もうひとつは、買う方が「個性」を求めているということ。
ファストファッションは、基本的に同じアイテムを大量に作って原価を下げて儲けるというシステムで成長してきました。それが今や世界規模になった。ということは世界中に同じアイテムが溢れているということです。
消費者は賢くなったので、ファストファッションはどういう仕組みで作られているのか、買ったアイテムがどれくらい持つのか、このアイテムの相場はいくらなのかということを知っています。だから10年前と同じ仕組みで作られたものには惹かれなくなっている。
今消費者は、どんな想いで、どんな人たちが作っているか、どんな人に着てほしいか、そういうメッセージやストーリーに目を向け始めています。

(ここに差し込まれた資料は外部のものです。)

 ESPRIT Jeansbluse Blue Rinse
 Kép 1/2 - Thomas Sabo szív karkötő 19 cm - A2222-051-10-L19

「サスティナブル」という言葉がよく聞かれるようになりましたが、生産態勢がブラックでないかどうか、環境に悪影響を与えることはないかといった要素もセレクトの基準のひとつになりました。古い言い方をすると「世のため人のため」というストーリーが魅力になっているわけです。

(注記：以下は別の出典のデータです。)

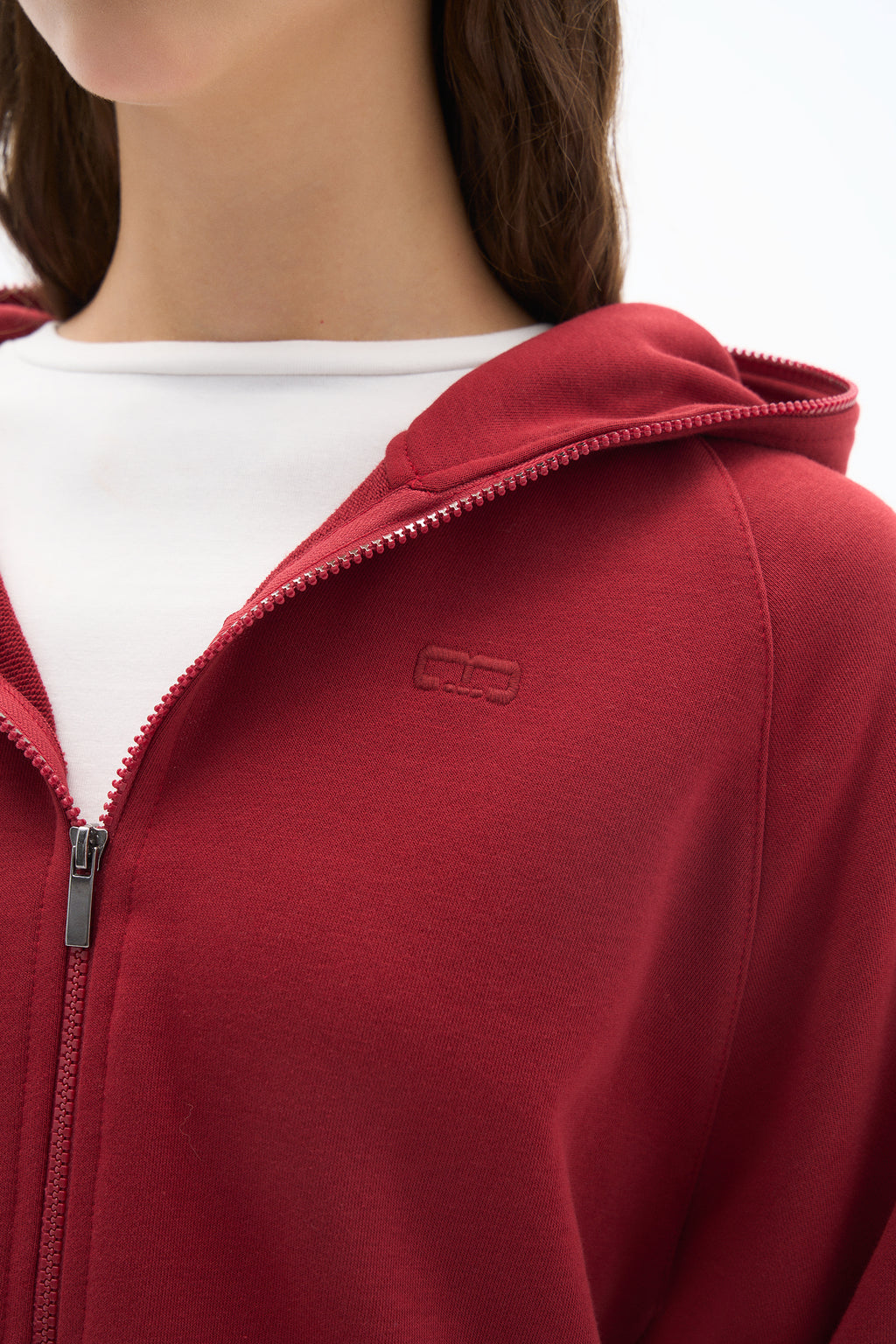 Burgundy Zipper Sweatshirt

そして、時代は社会的少数者の主張に注目が集まったり「個性」が尊重される空気に変わってきています。だからファッションも「みんなと一緒」は嫌だという人が増えてきている。つまり自己表現のツールとして意識する人が増えているということです。
アメカジが不振というのもそこに原因がある。
アメカジは着方の組み合わせが少なく、定番アイテムを長く売っていくスタイル。安定感はあるけど面白みには欠けるから、何か主張のあるものを求めている時代には埋もれてしまうわけです。

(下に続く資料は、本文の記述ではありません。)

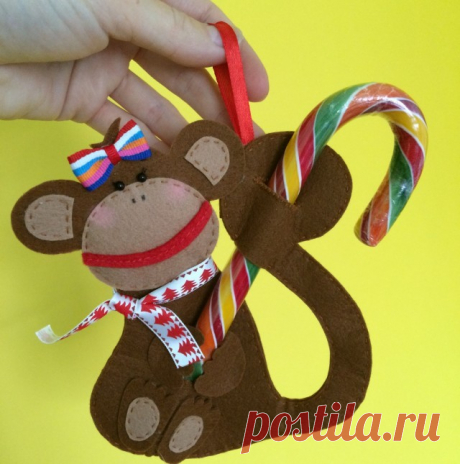 Обезьянка из фетра. Подробный мастер-класс.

逆に韓国発のファストファッションなどは「面白み」という意味では他のブランドに無いようなアイテムを出してくる。「極端にかわいい・カッコいい」を突けるから人気が出てきているのでしょう。品質にバラつきがあるので個人的にはもう少し様子見が必要だと思っていますが。
本当は誰もが「自分のための服」が欲しいのです。
誰でも着れるものは自分が着なくたっていい。”これはあなたのための一着ですよ”という提案を求めている。
実際スタイリングをしていても、お客様から「私らしい服」「ビジネスでも自分を表現できる服」というキーワードが頻繁に出てきます。ベクトルが「みんな」ではなく「わたし」に向いてきていることを肌で感じるのです。
これまでのシステムではファストファッションでそういう服作りは不可能。規模の大きいブランドほどそのジレンマに苦しむことになるでしょう。H&MからCOSが生まれたりユニクロからGUが分化したのは必然。今後はよりターゲットを絞った展開をしていくブランドが増えるはずです。
ファストファッションブームには、ファッションを身近に感じさせてくれた、多くの人に気軽に装う楽しみを広めたという功績がありました。今はまさに次のステップに移行している最中。欧米型の大量生産システムがどう変わるのか、新たなシステムで台頭するのはどこか、今後の勢力図が気になるところです。
最後に、ZARAで働くにはバッチリメイクとワイルドな風貌であることと定められているのか、個人的に気になるところです。